Research in machine learning/computer vision/statistics/related fields often focuses on optimizing the description of data given a certain form, and not assuming that the machine has any “life experience” or “judgment” about what format is best. Clustering algorithms give the best way to sort data into clusters, if we think it falls into clusters; dimensionality reduction techniques give the best way to sort data onto low-dimensional subspaces, if we think it lies in a subspace; manifold learning techniques give the best way to sort data onto low-dimensional manifolds, if we think it lies on a manifold. There’s less attention paid to how we identify the best structural model (and whether the process of identifying the best model can somehow be automated, moved from human judgment to machine judgment.) See Jordan Ellenberg’s piece in Slate for more on this.
We usually don’t use completely different techniques in computer vision for identifying pictures of cows vs. pictures of trucks. But there’s evidence that the human brain does do exactly that—specialized techniques based on the experiential knowledge that cows, trucks, and faces are different sorts of objects, and are identified by different sets of features.
I’m sympathetic to Tenenbaum’s main point: that we won’t achieve computer counterparts to human learning and sensory recognition until we incorporate experiential knowledge and “learning to learn.” There is no single all-purpose statistical algorithm that Explains All Of Life—we’re going to have to teach machines to judge between algorithms based on context. That seems intuitively right to me, but I’d like to hear some back-and-forth on whether other folks agree.
Right, which is why I think the dimensionality reduction stuff, and in some sense all of machine learning, is kind of dishonestly packaged. These guys claim their algorithms are in some sense general, but that can’t really be true. There can never be a proof that a learning algorithm works for all situations. You can only prove statements of the form: “If the data exhibits property X, then algorithm Y will work”.
To live up to their promises, machine learning, computer vision, SNLP, and related fields need to become empirical sciences. They are currently strange hybrids of math and engineering (if you think they are empirical sciences, then what falsifiable predictions do they make? And if you don’t buy the falsifiability principle, then state an alternative answer to the Demarkationsproblem).

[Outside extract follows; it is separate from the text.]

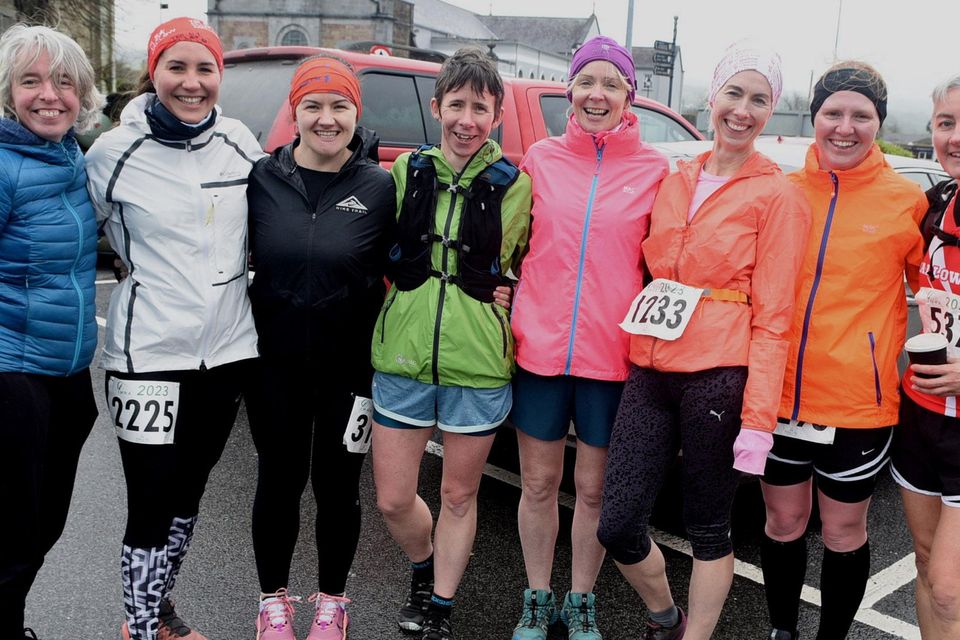 Mallow athletes Joanne McCann, Eaven Long, Joanne Ring, Jean Ryan, Nino Tighe, Liz Dwyer and Mags Hassett completed the Clara Hill Climb in Millstreet. Photo by John Tarrant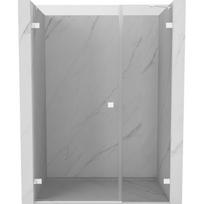 Mexen Lunar-B kairiosios pusės prausimosi durys 115 cm, skaidrios, baltos - 832S-115-050-20-00-L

I would submit that the real reason for this is because the judge for whether the human subject has appropriately learned the classifier rule is also a human, and therefore shares the same inductive biases! If a non-human, near-blank-slate intelligence were the judge, it would rule that the human learned slower than a Bayesian estimator.
Right—shared prior for “what sorts of concepts go with words”, effectively. (bias or no)

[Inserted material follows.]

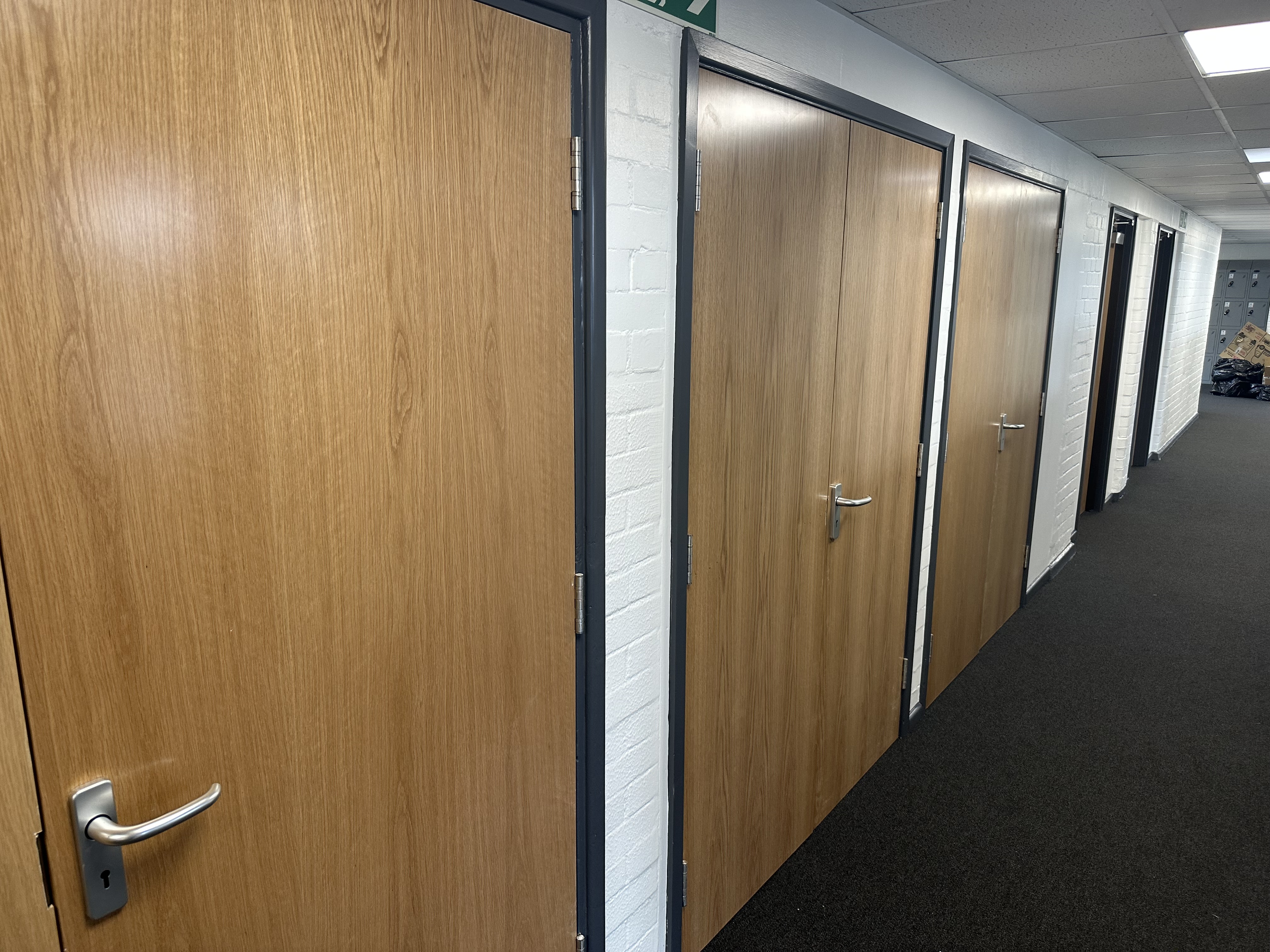 School corridor with new doors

Agreed that there is no secret to learning. Still, I think that the best models for computer learning will be very different than human learning, eliminating many of the biases humans have.
One thing to consider on the topic: Humans use this type of learning not only because it is a good method, but also because humans have limited memory space. Soon computer memory will exceed human memory, and this may not be as much of an issue.